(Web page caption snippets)
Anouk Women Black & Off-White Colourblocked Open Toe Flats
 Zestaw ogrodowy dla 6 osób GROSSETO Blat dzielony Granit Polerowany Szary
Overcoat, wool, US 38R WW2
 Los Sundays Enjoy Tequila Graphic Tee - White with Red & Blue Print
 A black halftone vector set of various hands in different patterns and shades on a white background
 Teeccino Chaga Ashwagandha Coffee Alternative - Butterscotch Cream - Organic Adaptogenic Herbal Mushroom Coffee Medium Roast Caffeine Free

## Problem requirements
Exactly as they stand, please print the lines from the first line of the records above down to the line that includes "A black halftone", both of those included and no others.

## Response
Anouk Women Black & Off-White Colourblocked Open Toe Flats
 Zestaw ogrodowy dla 6 osób GROSSETO Blat dzielony Granit Polerowany Szary
Overcoat, wool, US 38R WW2
 Los Sundays Enjoy Tequila Graphic Tee - White with Red & Blue Print
 A black halftone vector set of various hands in different patterns and shades on a white background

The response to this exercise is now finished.